Simonides war aber in der Antike auch aus einem anderen Grund bekannt. Er galt als Erfinder der Gedächtniskunst – der Kunst sich Dinge und Worte zu merken und zu wiedergeben.
Diese Kunst war in Griechenland und Rom besonders bei den Rhetoren beliebt. Denn sie haben ihre ellenlangen Plädoyers stets auswendig rezitiert.

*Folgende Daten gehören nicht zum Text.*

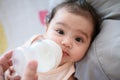 Cute little asian baby girl was drinking from the bottle fed by my mother Royalty Free Stock Photo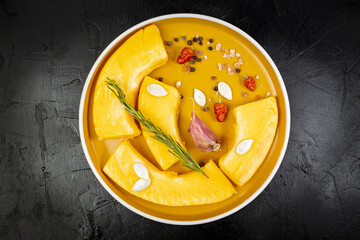 Seasoned pieces of fresh pumpkin with spices and on a round orange plate on black table, vegan pumpkin
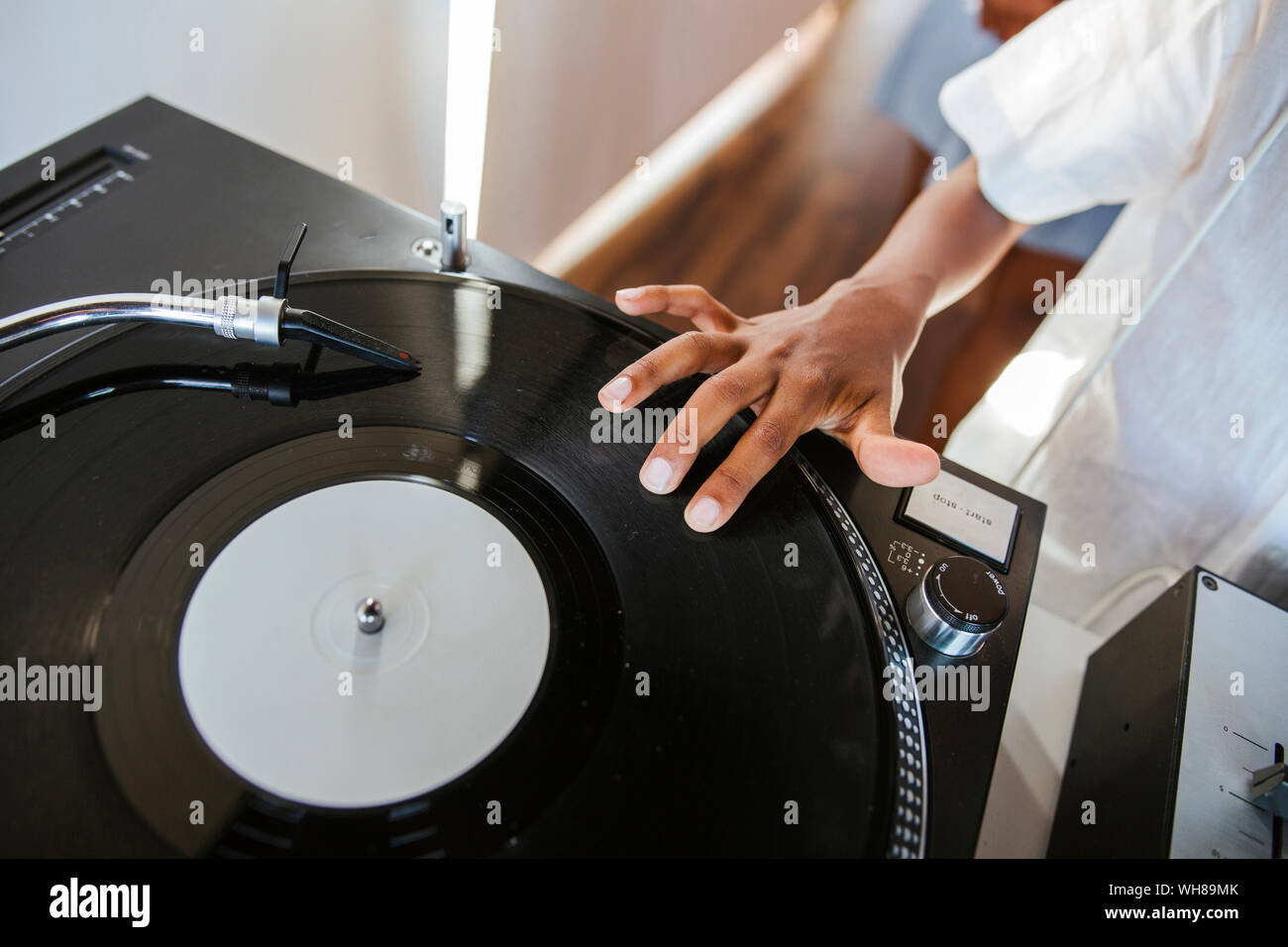 Main d'un jeune dj sur disque vinyle sur platine Banque D'Images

Die Technik funktionierte ungefähr so: Zuerst musste der Rhetor eine genau gegliederte Rede schreiben. Das war die Voraussetzung. Dann stellte er sich vor, dass jede Säule und jede Kassette der Halle, wo er seine Rede vortragen sollte, einem Teil dieser Gliederung entspräche. Es handelte sich also um ein sehr raffiniertes Eselsbrückensystem, Die Elemente der Architektur dienten als die Aufhänger.
Es gibt übrigens eine andere Methode, Texte auswendig zu lernen. In meinen jungen Jahren habe ich geschauspielert und mitunter sehr lange Texte aus dem Gedächtnis vortragen müssen. Wir lernten aber Wort und Bewegung zu vereinen. Jeden Handgriff, jeden Schritt haben wir mit den entsprechenden Worten verlinkt. Es hat großartig geklappt.

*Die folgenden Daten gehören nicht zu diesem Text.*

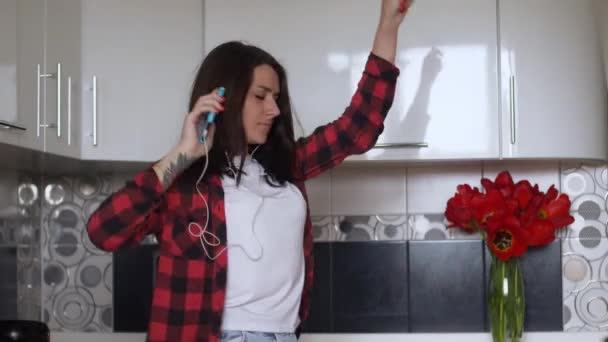 Счастливая Молодая Женщина Танцует Кухне Слушая Музыку Смартфоне Наушниками — стоковое видео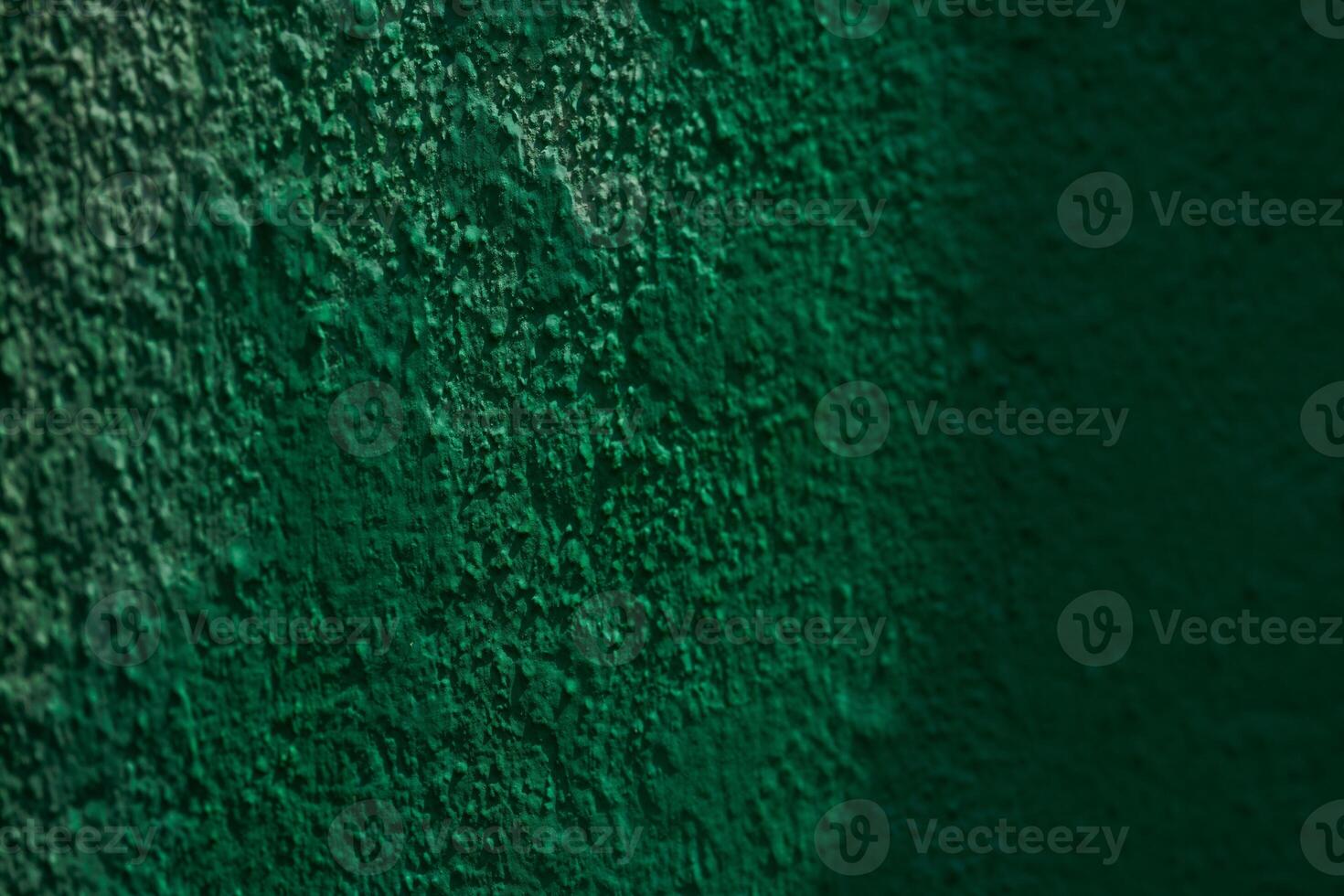 Close-up of textured green wall surface with shadows photo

Nun werden Sie zwei Techniken der Gedächtniskunst meistern können. In der Antike erzählte man, dass Simonides vorhatte, dem Feldherrn Themistokles die Gedächtniskunst beizubringen. Woraufhin Themistokles geantwortet haben soll : „Ich würde lieber die Kunst des Vergessens lernen. Denn mir fällt immer das ein, woran ich nicht erinnert werden möchte. Ich kann nicht vergessen, was ich vergessen möchte.“
Ich wäre der perfekte Lehrer für Themistokles gewesen. Denn ich vergesse fast alles, und das schon seit Jahrzehnten. Doch auch diese Kunst kann man sehr schnell meistern: Dafür braucht man nur in der Gegenwart zu leben. Ja, so einfach ist es. Somit kann man alles vergessen, was keinen Bezug zur Gegenwart hat!
Wenn Sie meinten, ich würde Sie an dieser Stelle mit dem Namen, den ich heute früh vergessen habe, überraschen, dann haben Sie noch nicht verstanden, wie perfekt ich die Kunst des Vergessens beherrsche.
Es lebe das Vergessen! Ende der ersten Lektion.